Time will tell if furling the rebel flag means deeper change

Allen G. Breed

BIRMINGHAM, Ala. – Across the South, Confederate symbols are toppling, teetering or at least getting critical new looks. But is it a sign of real change in a region known for fiercely defending its complex traditions, or simply the work of frightened politicians and nervous corporate bean counters scrambling for cover in the wake of another white-on-black atrocity?

Probably a bit of both, says author Tracy Thompson.

“I’m sure there’s a lot of expedient backtracking going on,” said Thompson, who wrote “The New Mind of the South.” “If it’s going in the right direction, who cares?”

One who does care is the Rev. Joseph Darby — a longtime friend of Clementa Pinckney, one of nine slain during a Bible study at a black church in Charleston, South Carolina. And he thinks it’s a bit premature to declare this a new “New South,” as some commentators have suggested.

“Taking down those flags is not that big a deal,” he said of Gov. Nikki Haley’s call to remove the Confederate battle flag from the statehouse lawn and Alabama Gov. Robert Bentley’s order to take down four rebel banners from a memorial at his capitol. Some citizens have long taken offense to the flags, which they associate with racial conflict.

“There are a few other things on the agenda,” Darby said, including improving public education and equal justice. But Darby, who has been fighting since 1999 to bring down the Confederate flag, said, “I think it’s a first step that hopefully will lead to real change. If nothing else changes, it’ll ultimately be cosmetic.”

Still, even skeptics like Darby have to concede that the speed and geographic spread with which these developments have occurred are nothing short of historic. Governors in Virginia and North Carolina say the battle flag should come off specialty license plates; Georgia has stopped issuing the plates, and a bill to do the same was introduced by a Tennessee legislator; Arkansas-based Wal-Mart vowed to stop selling all Confederate gear.

“I’m looking for snow in South Carolina any day now,” Darby deadpanned as the temperatures hovered near triple digits.

“One of the ways the South changes is through embarrassment, or through some incident,” said Ferrel Guillory, an expert on Southern culture at the University of North Carolina at Chapel Hill.

The June 17 massacre at Charleston’s Emanuel African Methodist Episcopal Church, allegedly by a self-described white supremacist named Dylann Roof, was just such an incident.

“Something dramatic happened — something tragic that stunned people,” said Guillory, director of UNC’s Program on Public Life. “And it’s got them to move.”

But people said the same things in 1955, when 14-year-old Emmett Till was kidnapped, tortured, shot and tossed into a Mississippi river with a cotton gin motor around his neck.

They said it again in 1963, when a Ku Klux Klan bomb tore through Birmingham’s Sixteenth Street Baptist Church, killing four black girls on a Sunday morning.

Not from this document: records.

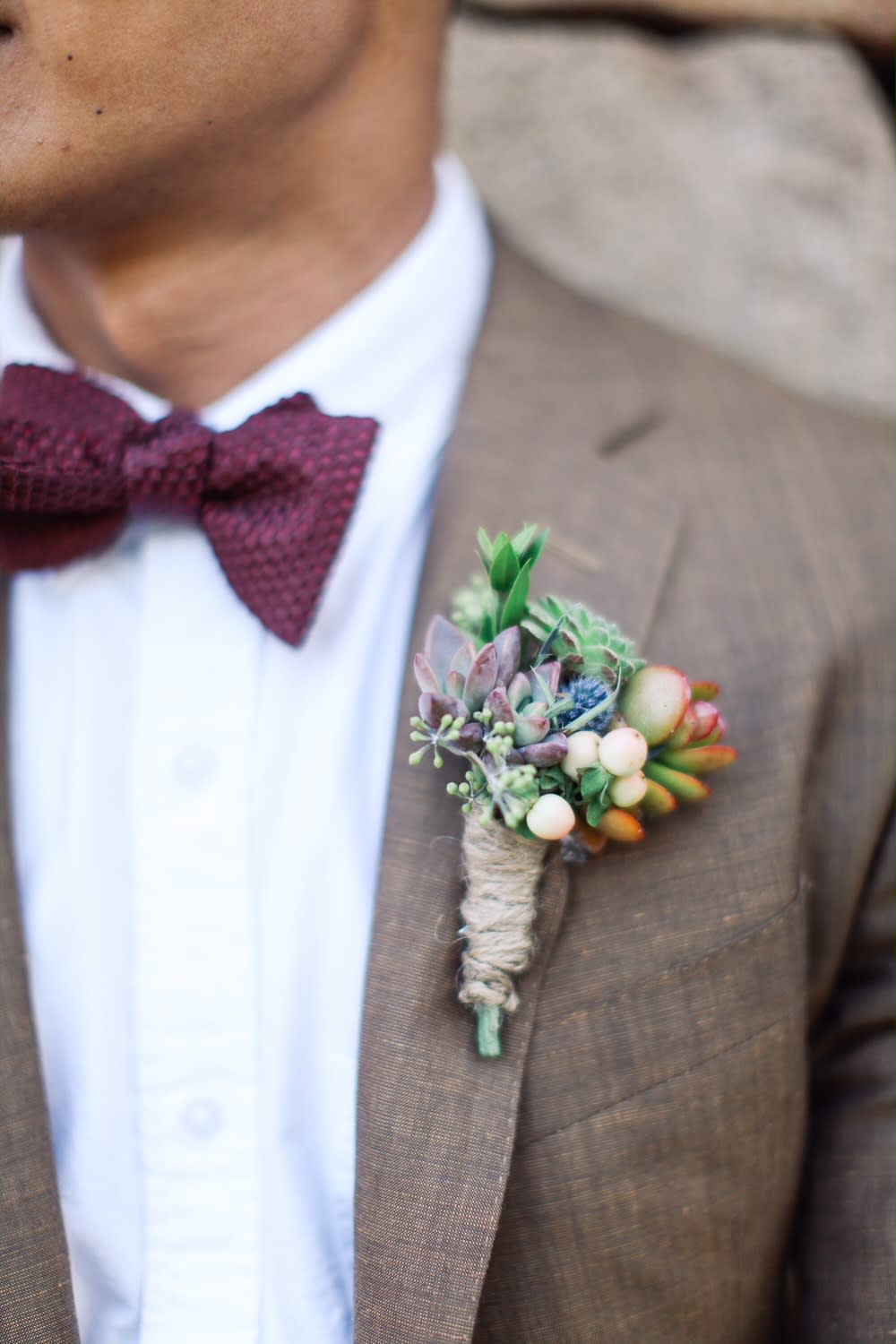 Succulent boutonniere pinned to a brown suit jacket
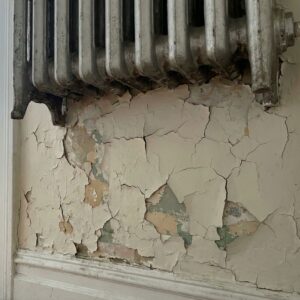 Peeling and cracked paint layers on an interior wall next to an old radiator in an older apartment building.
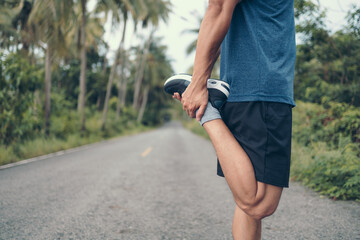 young man stretching in the park before running. Young man workout before fitness training at the park. Healthy and exercise young man warming up on the road in the forest.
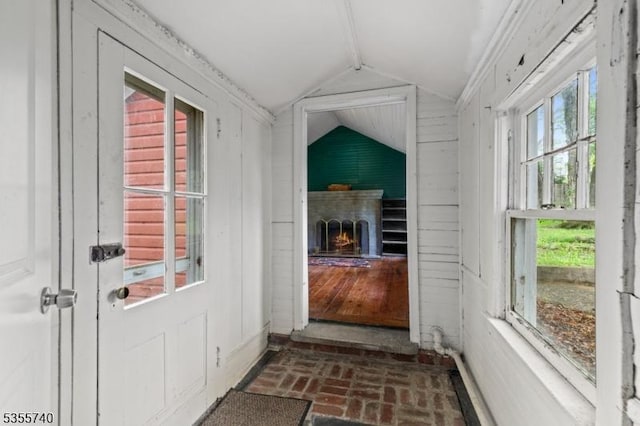 194 James St, Morris Twp, NJ 07960 - doorway with vaulted ceiling, brick flooring, and a lit fireplace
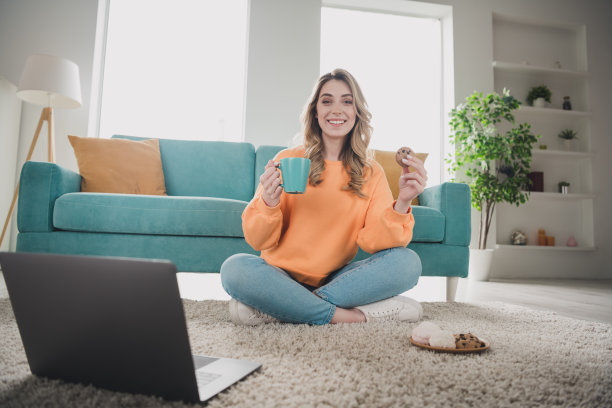 开朗的女孩全身照片坐在地板上看电影吃零食茶穿着橙色的衣服度过消遣宽敞的房子在室内房间图片下载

Yes, those crimes helped galvanize the civil rights movement and pave the way for the Civil Rights and Voting Rights acts. But challenges to Jim Crow also prompted states like South Carolina to hoist the Confederate battle flag atop their capitol domes in defiance, said James C. Cobb, a professor of history at the University of Georgia.

“There were plenty of white Southerners all during the civil rights movement who knew deep down that supporting what was going on — not only supporting racial discrimination, but supporting violence and the kinds of forms of resistance that white Southerners were putting up — was wrong,” said Cobb, author of the book “Away Down South,” about the region’s identity. “But they kept eyeing each other, hoping that somebody else would be the one to make the first move. And so it took forever and ever and ever for that to happen.”

For the Rev. Joseph Lowery, who’s had that battle flag thrust in his face too many times to count, its removal would be something wondrous.

Lowery, who co-founded the Southern Christian Leadership Conference, said he always knew the flag would come down. He just wasn’t sure he’d live to see it.

“I never thought I’d see a black president,” he said from his home in Atlanta. “But I have. And God has so willed it.”

The 93-year-old activist doesn’t “give a rap” what motivations are behind all this, “as long as it changes.”

“That’s how progress is,” he said. “In the air. It’s in the wind.”